- Created by: Mark Russell Justin Sbresni
- Directed by: Mark Russell Justin Sbresni
- Starring: Reece Shearsmith Anna Chancellor Pam Ferris Barbara Flynn Warren Clarke
- Country of origin: United Kingdom
- No. of episodes: 1

Production
- Running time: 94 minutes
- Production company: Carnival Films

Original release
- Network: ITV
- Release: 24 December 2007

= Christmas at the Riviera =

Christmas at the Riviera is a 2007 British comedy drama starring Reece Shearsmith, Pam Ferris, Barbara Flynn, Warren Clarke, Alexander Armstrong, Anna Chancellor, Sam Kelly and Darren Boyd. It was written and directed by Mark Bussell and Justin Sbresni, and debuted on ITV at on Christmas Eve 2007.

== Plot summary ==

A star-studded cast check in for Christmas at the fictional Riviera Hotel in Eastbourne. The leading role is taken by Shearsmith, who plays Ashley Dodds, the assistant manager of the Riviera, who can barely hide his excitement at finally being given the opportunity to take charge of the hotel over the festive period. Consequently, he's determined to make it the establishment's best Christmas ever, but he doesn't count on the guests – a hotchpotch of individuals with an array of problems.

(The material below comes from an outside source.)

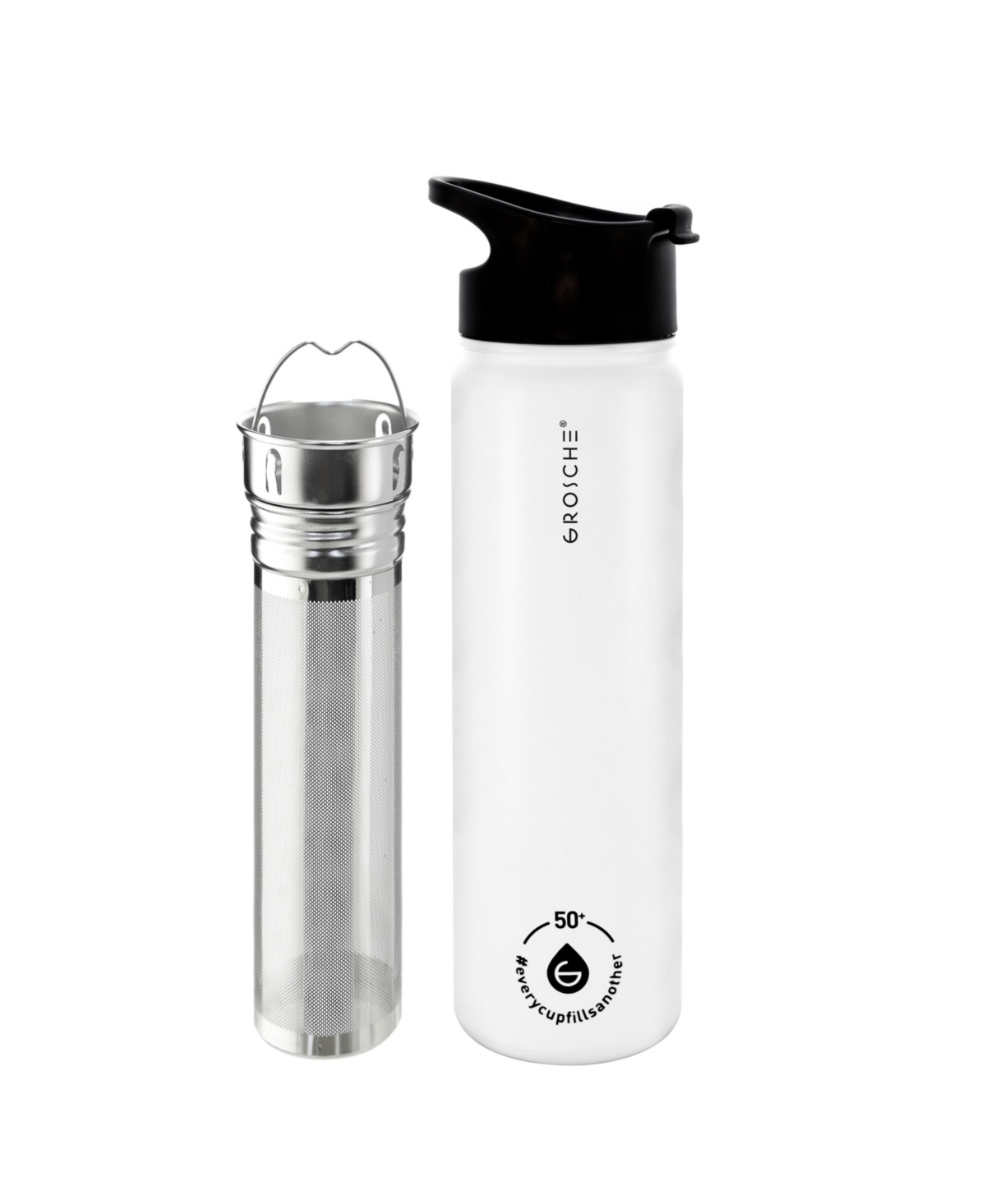Grosche Chicago Steel Insulated Tea Infusion Flask, Tea and Coffee Tumbler, 22 Fluid Oz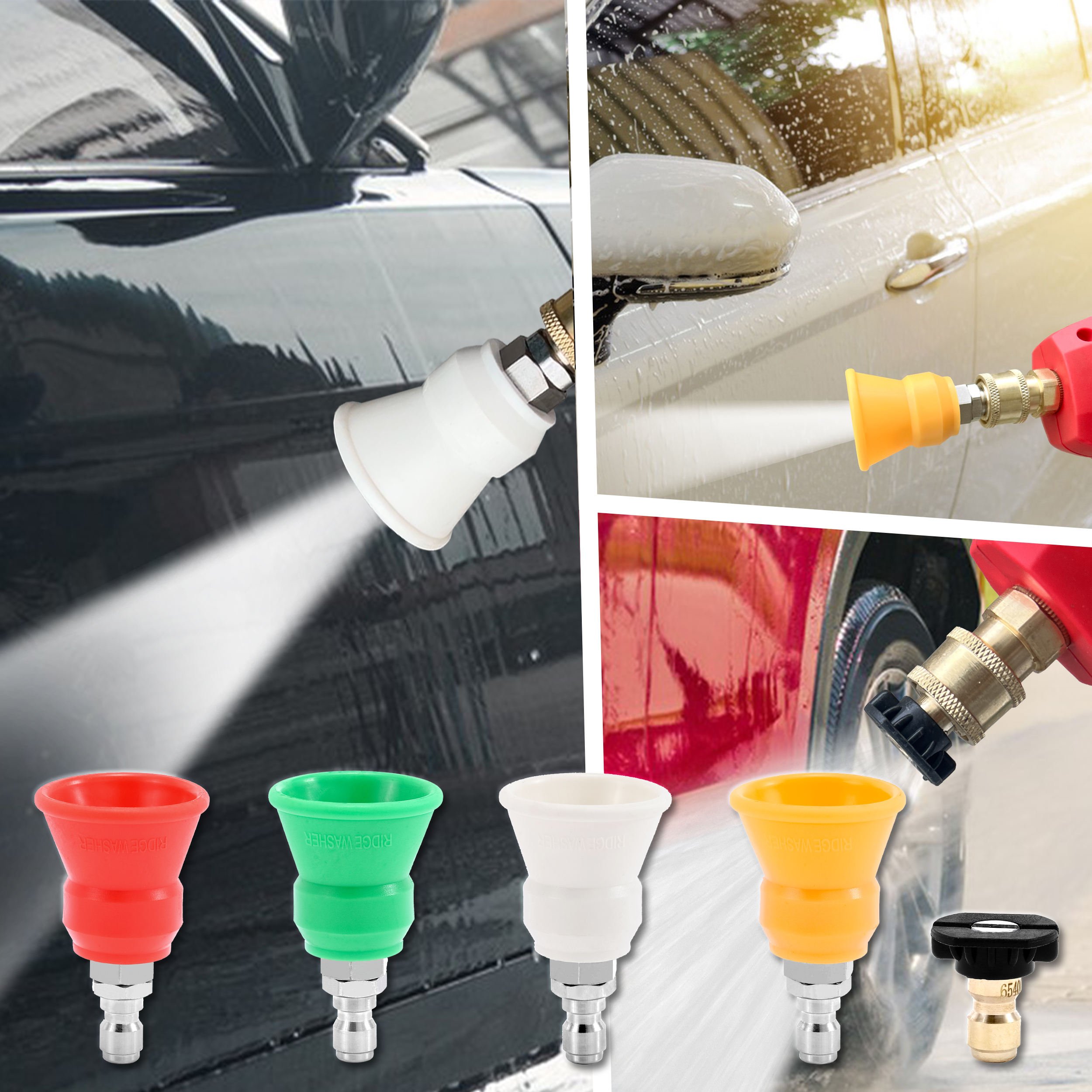 NBT Top Quality 1/4" Quick Connector Pressure Washer Spray Nozzles With Rubber Protective Covers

These include man-eating divorcee Avril (Ferris), who is looking for love; long-suffering Rita (Flynn) and her cantankerous husband Maurice (Clarke); the Reverend Miles Roger (Armstrong), a serial philanderer whose latest escapade is being investigated by the Daily Mirror, and his alcoholic wife (Chancellor); and father and son Dennis (Kelly) and Tim Dunn (Boyd), who have their own reasons for not wanting to be at home during this emotional time. All of these individuals, together with a series of mishaps at the hotel, ensure that Ashley's time in charge is a stressful one.